Let’s get through the remaining suggestions in the Comparison section and then put an end to this detailed review in favor of hitting the highlights only. If we need to show comparisons Over Time rather than Among Items, the diagram leads us to next choose between Many Periods and Few Periods, but this is a meaningless choice. Whether there are many or few periods actually has no bearing on the type of chart that we should choose in this case. For this reason, let’s skip this choice in the decision tree and go directly to the next four options: Cyclical Data, Non-Cyclical Data, Single or Few Categories, and Many Categories. Abela suggests that Cyclical Data should be displayed as a Circular Area Chart (actually illustrated by a radar chart, not an area chart), but this is rarely an effective choice. Cyclical data does not equate to a circular chart. For Non-Cyclical Data, he recommends a Line Chart, but line graphs usually work best for both cyclical and linear data. For Single or Few Categories, he recommends a Column Chart, but this is absurd. Several lines in a graph are much easier to interpret and compare than multiples sets of bars. Finally, for Many Categories, he suggests a Line Chart again, which is fine, but the number of categories does not determine the usefulness of a line graph. Line graphs excel in their ability to display patterns of change through time, which is something that bar graphs do poorly. Abela says nothing about featuring patterns of change rather than comparing values at particular points in time. The latter scenario is the only time when a bar graph should be used for a time series.

Now for the remaining highlights. In the Distribution section, a Column Histogram and a Line Histogram (i.e., a frequency polygon) are both appropriate, but the choice between them is not determined by Few Data Points vs. Many Data Points. The remaining suggestions—a Scatter Chart for Two Variables and a 3D Area Chart for Three Variables don’t belong here because they feature correlations, not distributions. In fact, a 3-D area graph is rarely useful and never for a general audience.

In the remaining Composition section, we are first asked to choose either Changing Over Time or Static. By continuing through the choices we learn that, by Composition, Abela is referring to part-to-whole displays, but none of the graphs that he goes on to suggest display parts of a whole effectively, despite the fact that people use them regularly for this purpose.

That’s it; we’re done. This diagram is not a “Thought-Starter,” as Abela suggests, but a thought confuser. This diagram was no doubt the good-intentioned attempt of Abela to help people select appropriate graphs for use in presentations. Despite his intentions, however, it fails because Abela lacks expertise in data visualization. He should have stuck to his area of expertise. He also should have never tried to squeeze chart selection guidance into a one-page diagram. Even if the diagram contained logical, well-organized, and valid suggestions, this guidance cannot be effectively conveyed in a single-page diagram without harmful reduction. Abela attributes great benefit to the single-page display as an aid to presentations. In his book, when describing the ideal length of a “conference room style presentation”—one that is designed to “engage, persuade, come to some conclusion, and drive action”—he writes:

The theoretical, ideal length of a conference room style presentation is one page—with lots of detail, well laid out. Why? Because if you can achieve the goals of your presentation in one page, why would you use two, or ten, or forty? If you are able to distill your message down to one page, your audience will get the sense that you have really captured the essence of the subject. They will also appreciate (and probably be stunned by) the brevity of your presentation.

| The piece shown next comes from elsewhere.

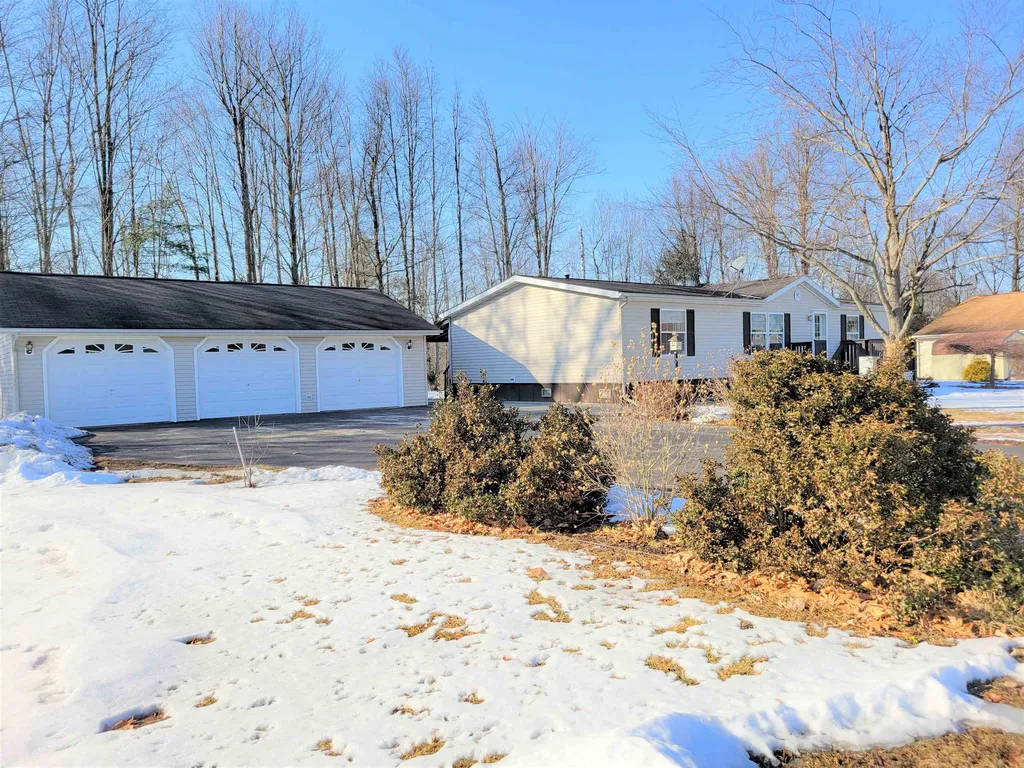 108 Hillview Circle Charlestown NH 03603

There are, in fact, many reasons why you might choose to not squeeze everything onto a single page for your audience to view all at once. Sometimes information needs to be presented in a particular sequence, revealed one point at a time. Sometimes a single-page display “with lots of detail” will appear overwhelming, causing your audience’s attention to dissolve immediately upon showing it.

I could create a single-page diagram that provides valid graph selection guidance, but I won’t, even though I’ve been asked to do this several times. I’ve refrained because, by relying on the diagram for guidance without understanding why the recommended graph works best, novices would never learn the principles. They would forever follow a set of rules without understanding them, which isn’t enough. We don’t need an army of mindless robots. We need people who can think, who know how to apply the rules to new situations and when to break them.

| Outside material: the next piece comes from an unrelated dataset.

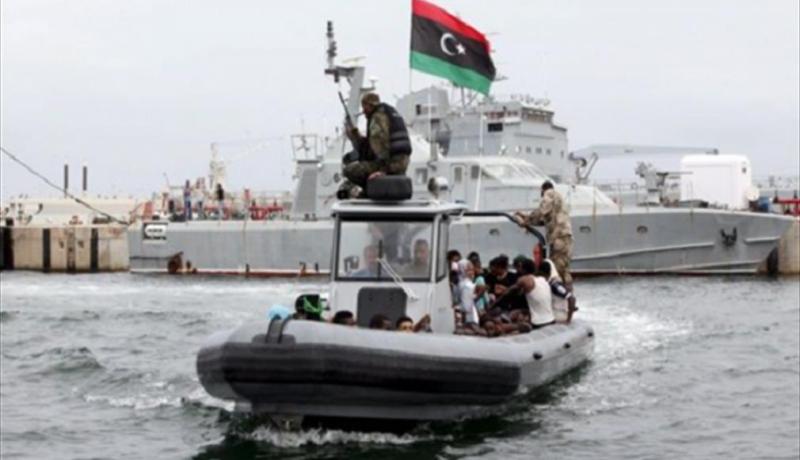 ليبيا تطالب إيطاليا بالإسراع في تسليمها 4 قوارب للحد من الهجرة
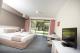 Spa Suite
 - Island Palms Motor Inn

My concern about Abela’s work runs deeper than his chart selection guidance. Despite much good advice, what Abela teaches in his book about presentations contains fundamental flaws. For example, the book’s first chapter instructs readers to identify the personality types of their audience, based primarily on the Myers-Briggs Type Indicator (MBTI) assessment, so they can create a presentation that’s tailored to their audience’s preferences. (By the way, according to Myers-Briggs, I’m an INTJ, in case that matters to you.) Even if a clear set of presentation standards could be tied to each of the four Myers-Briggs personality types, which might not be possible, unless you are presenting to one person only and can get that person to take the MBTI assessment in advance, this is the most impractical suggestion I’ve ever encountered in a book about presentation skills. It’s hard to imagine that readers and students don’t raise this objection immediately upon encountering this dumbfounding advice.

People and organizations, including software vendors in the analytics space, crave shortcuts to achievement. There are efficient paths to skill development, but no shortcuts. Data sensemaking and presentation skills require learning and a great deal of practice. When we were children, our underdeveloped brains believed in magic. Just say abracadabra, rub the lamp, or wave the wand and reality will bend to your wishes. I believed that I could run faster and jump higher if my parents would only buy me a pair of tennis shoes called PF Flyers. (If you recognize the reference, you’ve been around for a while.) We who engage in data sensemaking and then work to present what we’ve found to others are no longer children. In the Bible, the following words are attributed to the Apostle Paul:

When I was a child, I spoke as a child, I understood as a child, I thought as a child: but when I became a man, I put away childish things. (1 Corinthians 13:11; King James 2000 version)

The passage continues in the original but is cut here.